I got stopped out because I panicked, I averaged a little too aggressively and too early, OUTRIGHT. I didn't want to take a loss because it had been quiet for 3 days in a row before that and I 'could not afford to just give that back'. Well guess what, it took everything I had made for the month up to that point. Back to square 1.

Later that day, I sat with my friend and I told him I'm the unluckiest guy in the world AGAIN. I said three times.. "there's nothing I could do...". And I quickly learned that type of bullsh*t talk like that gets you nowhere in the game. He helped me out big time by being hard on me. I'll never forget this advice, and I execute similar principles even today.. so here were my REAL options:

*1.* Exit half out for 1-tick loss immediately after a few minutes, and leave the other half to exit for a 1-tick profit above my scratch (getting half-out helps you much better psychologically, and you can average half back in at a better price later on and be much more comfortable) 
*2.* Don't average unless it's double the distance of what I normally average in a position I want.

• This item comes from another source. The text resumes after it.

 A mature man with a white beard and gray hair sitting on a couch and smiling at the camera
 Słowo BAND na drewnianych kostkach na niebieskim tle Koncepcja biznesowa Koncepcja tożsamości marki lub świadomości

This buys you more time in the game and lets you think rationally for a bit longer instead of hoping it turns back.

If you aren't staying sharp, focused, concentrated, and if you worry too much about your recent daily/weekly profits when you're trying to make a 10-15 year career out of this, then you will be viciously beaten up and left bleeding on the floor when it's done with you.



skc said:


> Sommi,
> 
> Great thread and it's very noble of you to give back to the forum.
> 
> Can you show us your equity curve / account P&L chart? Take the scale off or re-based it per contract (if your limit has been increased over time). I've always wondered what a bond spreader's curve looks like.
> 
> I can show you mine if you show me yours




This doesn't include the past few months. I have had hiccups recently, though I've definitely been positive as each month goes on. This is a cumulative PNL and I've highlighted two significant points of interest.


----------



## CanOz

*Incredible,* well done Sommi

Thanks for sharing! I want to read this in a book one day, you're a good writer too.

CanOz


----------



## boofis

sommi said:


> Btw, trading isn't all a fairytale either. There's a chance you can hurt yourself more by doing these spreads, but that's the game, get ready to step back in the ring and put up another fight. Always leave ammunition in your gun.

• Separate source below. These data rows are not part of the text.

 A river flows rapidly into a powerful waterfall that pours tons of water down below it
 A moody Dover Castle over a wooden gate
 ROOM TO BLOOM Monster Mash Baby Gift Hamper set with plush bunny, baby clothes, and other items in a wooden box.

I fail to see how spreading can hurt ones account more than outright directional trading. ?


----------



## galumay

Thanks Sommi, I have no interest in, and never will be a futures trader. Never the less your willingness to describe and share your learnings is admirable and selfless. As someone else said, you have a knack for communicating and write about it very well.

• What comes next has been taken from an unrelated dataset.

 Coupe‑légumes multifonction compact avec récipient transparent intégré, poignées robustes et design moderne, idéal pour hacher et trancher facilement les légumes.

I certainly admire your tenacity and ability to learn, there are lessons for all investors in what you have told us here, thanks mate.


----------



## sommi

boofis said:


> I fail to see how spreading can hurt ones account more than outright directional trading. ?




Sorry, I should have been more clear. That statement was referring, specifically, to the example I outlined of where you're caught in a trade and you enter another spread to protect yourself from data announcements. 

I didn't want to create the impression that just building spread portfolios out of nowhere is some sort of magic potion of protection. Granted, they definitely do have a good strike rate of working, but how long you're willing to hold and how much pain you're willing to take is always going to be a factor. 

And definitely, proper spread trading will always be healthier than outrights over the long run. 



galumay said:


> Thanks Sommi, I have no interest in, and never will be a futures trader. Never the less your willingness to describe and share your learnings is admirable and selfless. As someone else said, you have a knack for communicating and write about it very well.
> 
> I certainly admire your tenacity and ability to learn, there are lessons for all investors in what you have told us here, thanks mate.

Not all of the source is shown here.